By this point it was reaching our own lunchtime, and so we headed for the wolf building, a large hut with glass sides that looked out over the wolf enclosure. As we sat and enjoyed our picnic and sipped hot chocolate mixed with Baileys (oh yes), we saw no sign of the wolves. It seems that there had been some health scare or breeding issue, so all but one of the wolves in Nordens Ark had been removed. After lunch we had another look, but could see nothing. As the others went on to the next enclosure I saw a small movement among the trees and watched carefully for a while until it coalesced into the shape of a wolf. It stood there for a short time and then disappeared. It was the first wolf I had ever seen.

The first wolf

The first wolf

We then passed reindeer, frogs, raptors and almost missed seeing the most threatened cat in the world. There was only one Amur leopard in the park, sitting on a rock in what seemed a smaller enclosure than the snow leopards. It too seemed bored, and beautiful, which I suppose the reason for it’s status (the beauty, not the boredom).

A bored Amur leopard

A bored Amur leopard

One of the next animals was one that certainly isn’t endangered due to it’s luxurious pelt, and in fact isn’t as threatened as the other animals that we had seen. The description of the wolverine, and what we saw of it, indicated that it’s reputation for viciousness and strength aren’t exaggerated. A solitary wolverine can apparently take down an elk, which is quite a feat for an animal that ranges from between 60-100cms long. While we were there, the first sign we had of it was a pine tree shaking as it climbed down the branches, thereby ruining my possible idea about escaping from them up a tree if I even spotted one in the wild. I really hope I never do, as I am smaller and quite a bit less fearsome than an elk. Usually.

A curious wolverine

A curious wolverine

After passing a few more unimpressed cats, we reached the enclosure of a cat that definitely fit into the impressive category.

Still not amused

Still not amused

I have seen tigers before, and remember then being struck by how trapped they seemed and how threatened by human stupidity they were. The Amur tigers at Nordens Ark were bored, walking around the tracks that had been made by their repeated loops, but I was also able to get a glimpse of how wonderfully stunning and powerful they are. I didn’t know until I just looked it up right now that Amur tiger is another name for Siberian tiger, an animal that I have been fascinated about for a very long time, as it is the largest of the big cats. There were 2 enclosures, one with a high platform that the tigers were sitting on, only able to be spotted by their tails and paws over the sides, but in the other enclosure a single tiger was in full sight, prowling around and ignoring us for the most part.

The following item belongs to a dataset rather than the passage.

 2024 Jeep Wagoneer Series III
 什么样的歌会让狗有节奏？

I don’t think I need to go on about how amazing it is to see a tiger, and how sad it is as well, knowing how few are left, as anyone who has ever seen one will know what I’m talking about.

Amur tiger

Amur tiger

Even more impressive than the sight of the tiger prowling however, was when it lay down in a secluded part of the enclosure. Some of us walked around to find it and once there agreed that we were lucky that there was a fence. The tiger lay on the other side and watched us intently, barely moving as we took photos. Staring back into those eyes I wondered what it would be like without the fence and the cage, to be at its mercy. Perhaps, like that day, I would be too transfixed to run.

A watching tiger

A watching tiger

That visit was about 2 months shy of a year ago now, and I still think about the animals I saw there, and my conflicted feelings about zoos and how to protect endangered creatures. As I look at the photos I took there though, there are two things that stand out, more so even than the grumpy cats and cute pandas. One is a brief glimpse of a wolf, an animal that has played such an important part in human culture for most, if not all, of our history.
The other is the stare of an immense and powerful cat, trapped behind a fence as a result of human greed, but capable of making me feel like prey, while at the same time wanting to worship it.